**What to produce**
Given the listing below, write out exactly the lines starting with the line that has "1970s Peter Michael" and going on through the line that has "SPODNIE SLOUCHY JEANS", both kept.

━━━━━ Given entries ━━━━━

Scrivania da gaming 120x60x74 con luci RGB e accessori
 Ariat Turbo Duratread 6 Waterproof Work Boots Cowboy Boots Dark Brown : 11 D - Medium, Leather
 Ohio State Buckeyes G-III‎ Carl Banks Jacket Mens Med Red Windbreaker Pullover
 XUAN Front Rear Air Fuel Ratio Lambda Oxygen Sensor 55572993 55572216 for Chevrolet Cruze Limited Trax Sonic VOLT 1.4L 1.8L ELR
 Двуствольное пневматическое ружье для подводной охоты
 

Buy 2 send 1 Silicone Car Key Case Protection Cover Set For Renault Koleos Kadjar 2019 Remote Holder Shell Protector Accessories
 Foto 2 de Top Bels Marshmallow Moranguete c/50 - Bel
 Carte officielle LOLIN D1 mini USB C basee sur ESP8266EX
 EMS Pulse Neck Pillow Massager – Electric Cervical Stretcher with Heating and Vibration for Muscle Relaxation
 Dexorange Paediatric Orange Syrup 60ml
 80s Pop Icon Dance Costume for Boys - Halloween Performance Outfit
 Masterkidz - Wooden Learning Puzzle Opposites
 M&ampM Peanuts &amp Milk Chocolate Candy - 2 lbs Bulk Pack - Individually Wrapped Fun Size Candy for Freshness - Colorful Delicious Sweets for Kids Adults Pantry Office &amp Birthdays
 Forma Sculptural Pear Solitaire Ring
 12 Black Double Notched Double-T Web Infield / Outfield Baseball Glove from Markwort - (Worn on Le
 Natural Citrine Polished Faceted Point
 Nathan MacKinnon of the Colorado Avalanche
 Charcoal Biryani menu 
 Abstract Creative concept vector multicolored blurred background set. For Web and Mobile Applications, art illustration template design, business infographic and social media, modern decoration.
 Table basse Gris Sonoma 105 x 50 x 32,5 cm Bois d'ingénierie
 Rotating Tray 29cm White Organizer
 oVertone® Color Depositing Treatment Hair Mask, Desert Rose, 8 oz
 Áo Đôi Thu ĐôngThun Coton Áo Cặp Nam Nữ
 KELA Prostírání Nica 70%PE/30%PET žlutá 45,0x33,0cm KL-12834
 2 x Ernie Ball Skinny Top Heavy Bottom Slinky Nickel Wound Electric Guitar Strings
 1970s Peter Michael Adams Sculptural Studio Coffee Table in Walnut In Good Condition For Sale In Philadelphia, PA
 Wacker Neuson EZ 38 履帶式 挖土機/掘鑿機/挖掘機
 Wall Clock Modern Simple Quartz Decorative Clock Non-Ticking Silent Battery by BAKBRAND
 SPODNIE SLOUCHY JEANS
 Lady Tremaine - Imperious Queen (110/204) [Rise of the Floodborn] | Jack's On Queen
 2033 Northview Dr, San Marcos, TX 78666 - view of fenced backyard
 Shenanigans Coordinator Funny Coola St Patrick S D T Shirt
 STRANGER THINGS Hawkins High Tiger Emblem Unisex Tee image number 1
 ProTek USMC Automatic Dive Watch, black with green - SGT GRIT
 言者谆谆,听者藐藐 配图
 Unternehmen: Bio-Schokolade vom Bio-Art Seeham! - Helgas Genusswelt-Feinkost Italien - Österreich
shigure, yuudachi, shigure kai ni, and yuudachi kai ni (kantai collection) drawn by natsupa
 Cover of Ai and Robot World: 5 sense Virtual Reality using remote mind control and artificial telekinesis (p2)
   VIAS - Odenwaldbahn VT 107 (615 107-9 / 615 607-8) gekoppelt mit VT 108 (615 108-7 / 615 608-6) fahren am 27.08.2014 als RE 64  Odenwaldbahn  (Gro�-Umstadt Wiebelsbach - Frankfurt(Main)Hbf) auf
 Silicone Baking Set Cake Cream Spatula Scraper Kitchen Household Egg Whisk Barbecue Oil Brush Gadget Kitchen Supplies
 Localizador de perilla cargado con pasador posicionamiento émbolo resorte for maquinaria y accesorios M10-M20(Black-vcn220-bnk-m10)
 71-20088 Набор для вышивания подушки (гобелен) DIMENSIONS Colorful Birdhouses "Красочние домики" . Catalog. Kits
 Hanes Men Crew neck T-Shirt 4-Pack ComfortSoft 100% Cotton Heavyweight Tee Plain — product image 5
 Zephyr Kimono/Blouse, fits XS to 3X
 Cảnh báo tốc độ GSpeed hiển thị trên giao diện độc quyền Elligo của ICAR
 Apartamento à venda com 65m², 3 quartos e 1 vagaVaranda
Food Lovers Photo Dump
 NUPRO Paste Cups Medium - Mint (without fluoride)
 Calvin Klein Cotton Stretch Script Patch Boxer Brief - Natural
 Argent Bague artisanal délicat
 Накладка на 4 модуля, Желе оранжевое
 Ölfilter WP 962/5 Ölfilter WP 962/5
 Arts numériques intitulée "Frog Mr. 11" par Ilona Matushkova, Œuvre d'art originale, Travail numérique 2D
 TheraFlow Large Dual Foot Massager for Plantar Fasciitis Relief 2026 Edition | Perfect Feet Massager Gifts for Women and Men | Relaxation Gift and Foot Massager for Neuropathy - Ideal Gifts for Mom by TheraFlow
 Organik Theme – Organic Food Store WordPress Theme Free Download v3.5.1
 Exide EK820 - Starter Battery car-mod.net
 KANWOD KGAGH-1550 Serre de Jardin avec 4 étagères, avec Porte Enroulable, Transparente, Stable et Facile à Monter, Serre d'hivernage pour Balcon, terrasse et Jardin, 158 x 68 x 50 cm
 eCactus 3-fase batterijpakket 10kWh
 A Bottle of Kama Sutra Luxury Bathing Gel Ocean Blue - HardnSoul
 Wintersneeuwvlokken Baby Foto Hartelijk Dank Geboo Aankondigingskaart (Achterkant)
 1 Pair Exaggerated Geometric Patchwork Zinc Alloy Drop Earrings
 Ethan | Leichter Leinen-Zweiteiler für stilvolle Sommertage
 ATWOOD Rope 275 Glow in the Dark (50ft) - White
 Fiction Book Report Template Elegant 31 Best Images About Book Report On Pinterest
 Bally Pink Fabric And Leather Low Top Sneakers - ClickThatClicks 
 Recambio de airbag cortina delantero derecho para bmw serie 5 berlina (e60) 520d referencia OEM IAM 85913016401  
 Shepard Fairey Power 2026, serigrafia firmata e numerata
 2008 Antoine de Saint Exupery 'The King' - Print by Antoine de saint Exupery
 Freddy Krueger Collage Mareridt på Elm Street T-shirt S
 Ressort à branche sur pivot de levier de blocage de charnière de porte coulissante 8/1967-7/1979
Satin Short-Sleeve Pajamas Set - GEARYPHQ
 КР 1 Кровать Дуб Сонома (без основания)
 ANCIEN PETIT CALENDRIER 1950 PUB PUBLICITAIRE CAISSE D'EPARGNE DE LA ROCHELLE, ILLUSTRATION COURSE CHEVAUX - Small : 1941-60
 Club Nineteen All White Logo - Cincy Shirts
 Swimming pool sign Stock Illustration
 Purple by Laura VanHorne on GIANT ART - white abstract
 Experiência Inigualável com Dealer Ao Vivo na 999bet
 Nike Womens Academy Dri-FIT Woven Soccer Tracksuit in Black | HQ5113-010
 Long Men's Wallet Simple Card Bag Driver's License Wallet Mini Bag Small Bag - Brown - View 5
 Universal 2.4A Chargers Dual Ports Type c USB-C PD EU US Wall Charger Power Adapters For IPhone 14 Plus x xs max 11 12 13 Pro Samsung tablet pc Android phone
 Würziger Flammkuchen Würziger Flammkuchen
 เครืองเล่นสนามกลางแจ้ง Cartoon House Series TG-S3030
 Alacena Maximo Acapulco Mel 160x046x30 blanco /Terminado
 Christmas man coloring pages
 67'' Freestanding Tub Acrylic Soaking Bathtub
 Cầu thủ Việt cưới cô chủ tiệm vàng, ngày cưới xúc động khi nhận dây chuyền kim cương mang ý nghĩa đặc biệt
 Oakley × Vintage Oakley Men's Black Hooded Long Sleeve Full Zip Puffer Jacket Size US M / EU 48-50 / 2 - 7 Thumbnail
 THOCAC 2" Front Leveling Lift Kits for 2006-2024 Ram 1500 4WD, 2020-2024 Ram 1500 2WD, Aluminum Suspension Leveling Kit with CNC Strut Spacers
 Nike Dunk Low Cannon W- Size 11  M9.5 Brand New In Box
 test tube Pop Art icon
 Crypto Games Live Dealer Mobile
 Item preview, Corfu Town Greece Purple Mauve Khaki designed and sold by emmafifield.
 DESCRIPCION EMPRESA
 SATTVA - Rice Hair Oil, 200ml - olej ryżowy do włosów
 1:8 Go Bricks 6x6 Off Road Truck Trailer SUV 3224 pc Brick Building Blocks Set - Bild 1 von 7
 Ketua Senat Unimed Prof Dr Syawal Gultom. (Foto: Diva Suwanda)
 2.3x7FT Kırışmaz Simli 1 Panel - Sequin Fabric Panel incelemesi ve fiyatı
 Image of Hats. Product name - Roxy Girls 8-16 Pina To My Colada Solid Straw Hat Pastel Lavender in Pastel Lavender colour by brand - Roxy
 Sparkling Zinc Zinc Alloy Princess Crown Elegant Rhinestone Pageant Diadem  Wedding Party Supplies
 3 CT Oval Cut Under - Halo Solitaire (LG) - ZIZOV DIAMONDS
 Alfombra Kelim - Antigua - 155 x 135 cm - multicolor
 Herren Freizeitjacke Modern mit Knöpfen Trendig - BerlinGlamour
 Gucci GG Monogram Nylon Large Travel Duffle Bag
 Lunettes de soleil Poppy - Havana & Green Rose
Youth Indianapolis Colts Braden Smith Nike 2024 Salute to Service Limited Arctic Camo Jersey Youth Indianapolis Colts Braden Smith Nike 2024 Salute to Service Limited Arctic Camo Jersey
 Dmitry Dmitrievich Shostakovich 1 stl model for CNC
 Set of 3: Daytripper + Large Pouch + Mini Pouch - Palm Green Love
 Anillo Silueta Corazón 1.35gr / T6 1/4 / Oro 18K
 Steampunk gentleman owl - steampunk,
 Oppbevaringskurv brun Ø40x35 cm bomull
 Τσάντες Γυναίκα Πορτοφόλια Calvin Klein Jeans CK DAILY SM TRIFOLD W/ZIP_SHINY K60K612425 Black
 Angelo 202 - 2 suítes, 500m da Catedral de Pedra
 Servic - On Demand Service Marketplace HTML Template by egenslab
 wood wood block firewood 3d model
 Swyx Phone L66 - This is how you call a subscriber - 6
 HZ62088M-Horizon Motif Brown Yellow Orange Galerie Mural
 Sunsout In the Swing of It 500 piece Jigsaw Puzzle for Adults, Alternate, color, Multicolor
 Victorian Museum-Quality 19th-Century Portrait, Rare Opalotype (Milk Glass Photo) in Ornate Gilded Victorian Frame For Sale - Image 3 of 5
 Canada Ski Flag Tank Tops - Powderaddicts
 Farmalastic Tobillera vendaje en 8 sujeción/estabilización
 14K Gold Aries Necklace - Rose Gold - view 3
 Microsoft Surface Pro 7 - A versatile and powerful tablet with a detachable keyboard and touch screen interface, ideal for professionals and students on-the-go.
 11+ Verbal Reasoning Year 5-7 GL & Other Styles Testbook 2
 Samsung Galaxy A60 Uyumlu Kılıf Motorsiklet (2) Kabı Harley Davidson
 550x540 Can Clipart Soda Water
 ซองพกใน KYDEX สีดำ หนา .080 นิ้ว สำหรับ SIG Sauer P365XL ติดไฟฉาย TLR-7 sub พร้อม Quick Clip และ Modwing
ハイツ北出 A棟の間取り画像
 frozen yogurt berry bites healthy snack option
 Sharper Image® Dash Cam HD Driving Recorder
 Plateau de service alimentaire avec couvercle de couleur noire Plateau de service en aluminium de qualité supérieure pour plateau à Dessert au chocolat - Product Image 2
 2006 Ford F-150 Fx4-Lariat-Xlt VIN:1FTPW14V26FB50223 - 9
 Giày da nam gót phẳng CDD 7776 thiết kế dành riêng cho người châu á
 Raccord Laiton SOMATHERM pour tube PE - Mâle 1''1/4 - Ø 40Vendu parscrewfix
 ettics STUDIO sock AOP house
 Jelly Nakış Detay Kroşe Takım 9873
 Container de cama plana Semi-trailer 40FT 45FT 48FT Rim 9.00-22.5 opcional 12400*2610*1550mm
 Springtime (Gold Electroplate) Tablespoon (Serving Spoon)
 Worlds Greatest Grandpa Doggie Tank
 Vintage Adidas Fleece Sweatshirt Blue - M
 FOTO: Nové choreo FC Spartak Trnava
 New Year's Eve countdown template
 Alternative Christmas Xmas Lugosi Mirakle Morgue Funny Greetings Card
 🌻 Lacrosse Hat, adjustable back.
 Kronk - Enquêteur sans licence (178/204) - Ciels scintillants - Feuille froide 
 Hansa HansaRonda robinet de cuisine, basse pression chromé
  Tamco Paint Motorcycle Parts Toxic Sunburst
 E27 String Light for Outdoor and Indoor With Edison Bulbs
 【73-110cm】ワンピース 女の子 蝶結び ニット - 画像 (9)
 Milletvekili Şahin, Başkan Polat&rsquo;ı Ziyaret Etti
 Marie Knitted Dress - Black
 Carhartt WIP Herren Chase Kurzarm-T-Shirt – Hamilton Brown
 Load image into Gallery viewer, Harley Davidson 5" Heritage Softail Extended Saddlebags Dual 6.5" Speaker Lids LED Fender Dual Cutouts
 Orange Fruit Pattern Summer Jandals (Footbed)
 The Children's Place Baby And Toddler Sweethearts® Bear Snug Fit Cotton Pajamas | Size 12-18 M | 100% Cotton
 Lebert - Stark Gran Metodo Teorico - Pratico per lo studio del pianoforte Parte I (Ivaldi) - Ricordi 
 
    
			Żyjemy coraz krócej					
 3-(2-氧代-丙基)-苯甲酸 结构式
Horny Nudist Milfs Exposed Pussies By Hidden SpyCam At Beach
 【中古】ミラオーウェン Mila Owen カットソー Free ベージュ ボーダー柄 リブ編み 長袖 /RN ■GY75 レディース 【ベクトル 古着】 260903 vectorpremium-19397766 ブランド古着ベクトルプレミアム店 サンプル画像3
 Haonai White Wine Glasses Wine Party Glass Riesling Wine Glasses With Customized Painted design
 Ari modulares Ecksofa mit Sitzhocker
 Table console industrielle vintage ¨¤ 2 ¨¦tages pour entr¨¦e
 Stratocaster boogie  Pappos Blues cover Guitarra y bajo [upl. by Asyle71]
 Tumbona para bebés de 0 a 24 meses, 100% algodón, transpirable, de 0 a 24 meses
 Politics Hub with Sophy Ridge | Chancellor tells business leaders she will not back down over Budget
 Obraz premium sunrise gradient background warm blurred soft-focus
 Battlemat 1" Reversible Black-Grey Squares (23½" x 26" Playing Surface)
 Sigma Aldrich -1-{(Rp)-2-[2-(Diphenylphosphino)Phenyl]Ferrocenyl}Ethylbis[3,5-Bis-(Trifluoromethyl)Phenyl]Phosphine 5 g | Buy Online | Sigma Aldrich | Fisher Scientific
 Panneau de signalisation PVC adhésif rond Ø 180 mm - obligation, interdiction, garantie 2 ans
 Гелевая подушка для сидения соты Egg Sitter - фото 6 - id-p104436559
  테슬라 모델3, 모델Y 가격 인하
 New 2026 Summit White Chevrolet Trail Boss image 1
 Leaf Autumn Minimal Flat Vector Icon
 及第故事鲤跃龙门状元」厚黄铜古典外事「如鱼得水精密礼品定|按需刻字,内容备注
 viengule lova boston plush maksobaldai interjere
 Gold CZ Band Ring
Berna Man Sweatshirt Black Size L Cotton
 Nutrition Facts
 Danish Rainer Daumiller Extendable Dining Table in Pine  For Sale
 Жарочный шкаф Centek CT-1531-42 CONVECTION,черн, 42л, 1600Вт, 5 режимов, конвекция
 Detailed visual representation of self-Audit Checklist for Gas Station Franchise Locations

━━━━━

**Answer to the exercise**
 1970s Peter Michael Adams Sculptural Studio Coffee Table in Walnut In Good Condition For Sale In Philadelphia, PA
 Wacker Neuson EZ 38 履帶式 挖土機/掘鑿機/挖掘機
 Wall Clock Modern Simple Quartz Decorative Clock Non-Ticking Silent Battery by BAKBRAND
 SPODNIE SLOUCHY JEANS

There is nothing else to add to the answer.